Jika pengelola Perpustakaan C2O Library & Collabtive melakukan sendiri semua pengadaan dan penjualan barang dagangan serta berbagai program layanan di Pasar Sehat secara sendiri, tentu mereka akan kehabisan energi untuk mengelola layanan utama perpustakaan yang dijalankan. Dengan model kolaborasi seperti diuraikan di atas, maka Perpustakaan C2O Library & Collabtive tetap bisa eksis. Tapi layanan dan fungsinya bisa dikembangkan melalui langkah diversifikasi layanan seperti dijelaskan di atas. Dengan begitu, layanan utama tetap bisa dipertahankan, dan layanan tambahan yang berfungsi sebagai pelengkap dan atau penyempurna layanan utama juga tetap bisa diakomodasikan.

Perpustakaan C2O Library & Collabtive Surabaya di atas telah mempraktikkan prinsip give the monkey what the monkey wants, and do not give the monkey what the cat wants. Berilah monyet apa yang ia mau, dan jangan beri ia apa yang kucing mau. Kira-kira begitu terjemah harfiahnya. Tentu kalimat itu hanya ilustrasi semata. Atas apa yang harus dilakukan. Agar layanan tidak jauh-jauh dari kebutuhan konsumen. Dalam konteks itu, perpustakaan itu sangat memahami selera dan keinginan setiap lapisan pengunjungnya. Bahkan, termasuk di antaranya adalah mengenai bagaimana menarik perhatian warga masyarakat untuk datang ke tempat layanannya.

Perpustakaan C2O Library & Collabtive tidak memaksakan pendekatan regular. Bahwa perpustakaan adalah tempat untuk membaca buku. Tentu saja bukan itu. Tentu saja bukan semata hanya itu. Perpustakaan itu telah mampu melampaui pendekatan regular itu. Alih-alih bersikukuh dengan pandangan lama yang memposisikan perpustakaan sebagai tempat baca buku, perpustakaan C2O Library & Collabtive dimaksud mampu menyeiringkan layanan di dalamnya dengan kecenderungan selera dan kebutuhan warga masyarakat. Diversifikasi program layanan yang diikhtiarkan, seperti yang tampak pada program Pasar Sehat di atas, tampak semata-mata untuk mendekatkan perpustakaan dengan hati warga masyarakat.  

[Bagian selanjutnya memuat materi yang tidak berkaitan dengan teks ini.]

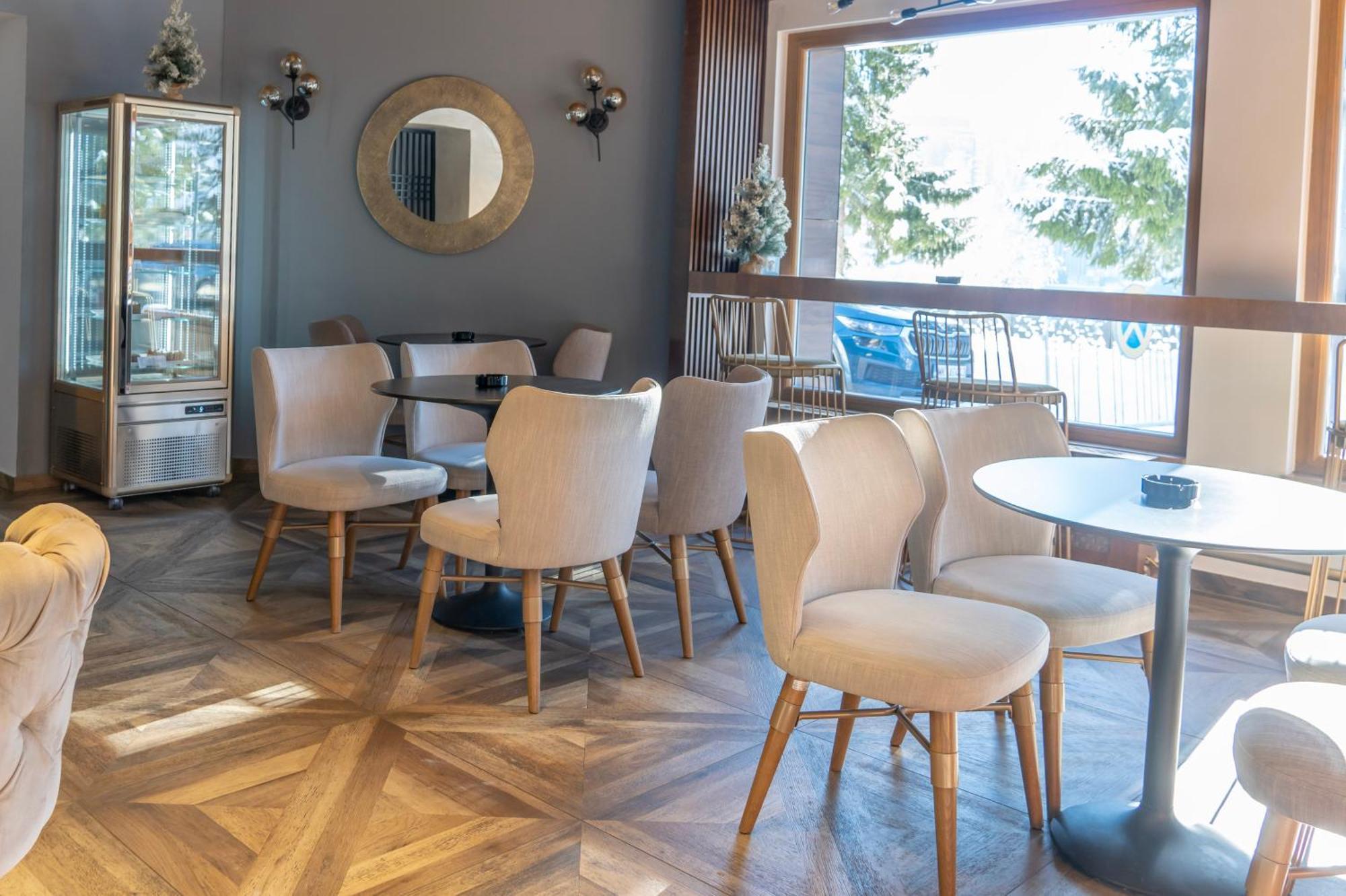 Hotel Rajska Dolina Jahorina Extérieur photo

Prinsip yang digambarkan oleh ilustrasi give the monkey what the monkey wants, and do not give the monkey what the cat wants di atas mengajarkan apa yang dalam dunia kesantrian dikenal dengan istilah muqtadl al-hal. Yakni, prinsip “sesuai dengan konteks target, sasaran, dan situasi”. Kebutuhan orang dewasa dan anak-anak, dalam konteks penyelenggaraan Pasar Sehat di atas, tentu tak sama. Termasuk kebutuhan orang tua dan anak-anaknya. Masing-masing dari mereka diberi program spesifik. Hingga masing-masing bisa menikmati kesukaannya. Target livening up pun tercapai dengan maksimal. Dan perpustakaan C2O Library & Collabtive menjadi model untuk urusan livening up ini.  

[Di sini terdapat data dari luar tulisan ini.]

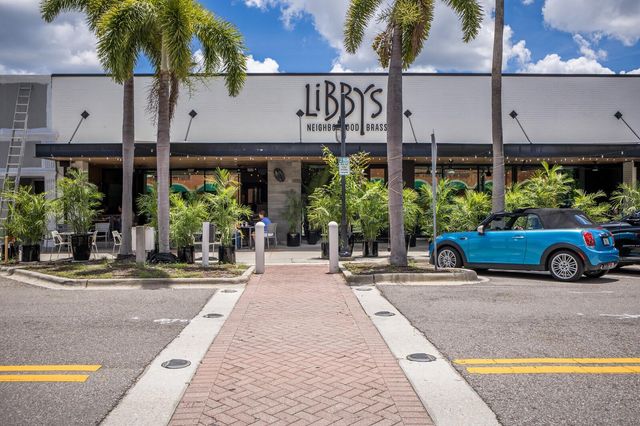 1856 HYDE PARK STREET, Sarasota, FL 34239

Kisah di atas memang tentang perpustakaan. Tapi sejatinya, substansinya berlaku bagi semua unit layanan. Yakni, bahwa livening up memang menjadi keharusan untuk kepentingan keberlanjutan sebuah unit usaha layanan. Bahkan, strategi itu juga dibutuhkan untuk menjemput kesuksesan. Kini dan masa depan. Maka, siapapun pelaku usaha dan atau penyelenggara layanan harus menjadikan semangat livening up sebagai sebuah strategi jitu untuk memenangi setiap perubahan. Itu semua karena perubahan tak akan bisa dihindarkan. Dan, hanya orang-orang yang inovatif yang mampu memenangi perubahan dengan pikiran dan praktik baik yang dimaksimalkan.